▶ _Problem statement_: Only an exact copy of the lines from the one containing "Anua Heartleaf Pore" through the last line of the material below belongs in the answer, with no pictures.

▶ _Data below_:

__________

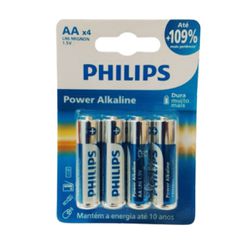 Pilha Pequena AA Alcalina 4un Philips - (17871) - ... - Sexy Shop BH
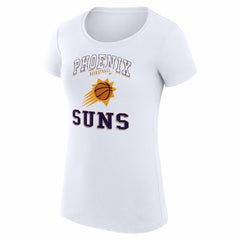 Phoenix Suns G-III 4Her by Carl Banks Women's Super-Slim Fit Lightweight Team Logo T-Shirt White - NBA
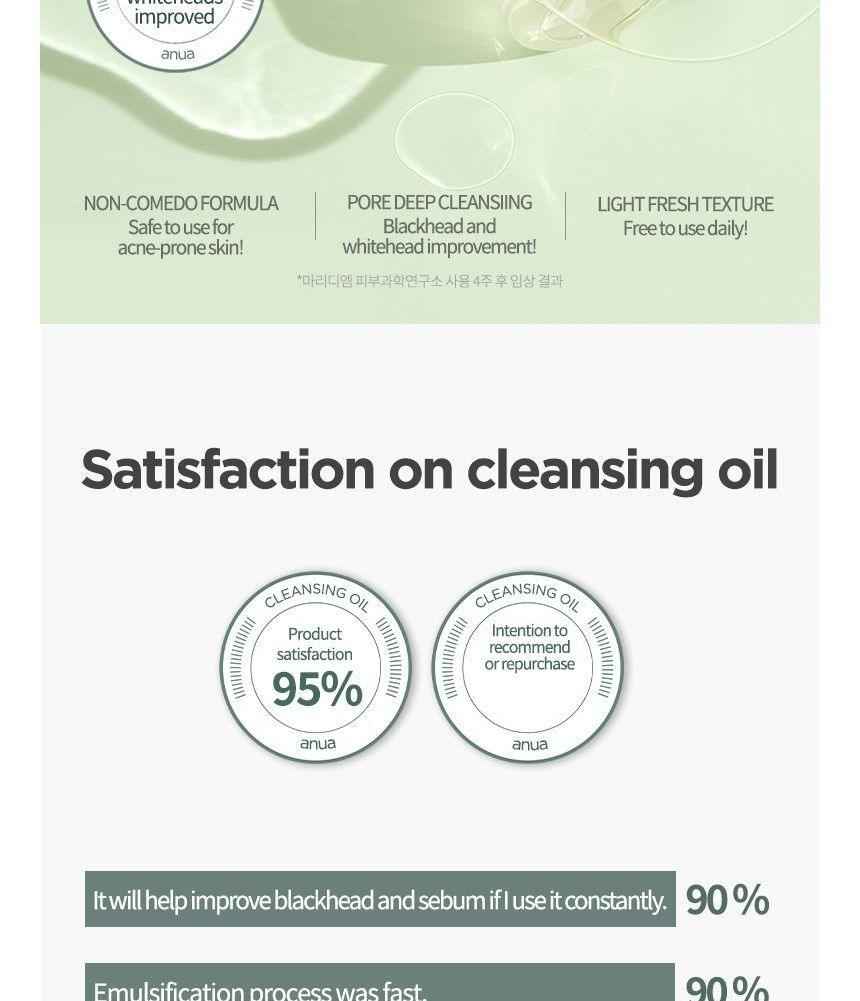 Anua Heartleaf Pore Control Cleansing Oil – Skin Refashioner | Dazzlea
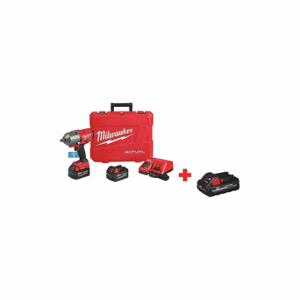 MILWAUKEE 2863-22, 48-11-1835 Impact Wrench, 1/2 Inch Square Drive Size, 1000 ft-lb Fastening Torque | CT3LZJ 326UL4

__________

▶ _Answer below_:
 Anua Heartleaf Pore Control Cleansing Oil – Skin Refashioner | Dazzlea
 MILWAUKEE 2863-22, 48-11-1835 Impact Wrench, 1/2 Inch Square Drive Size, 1000 ft-lb Fastening Torque | CT3LZJ 326UL4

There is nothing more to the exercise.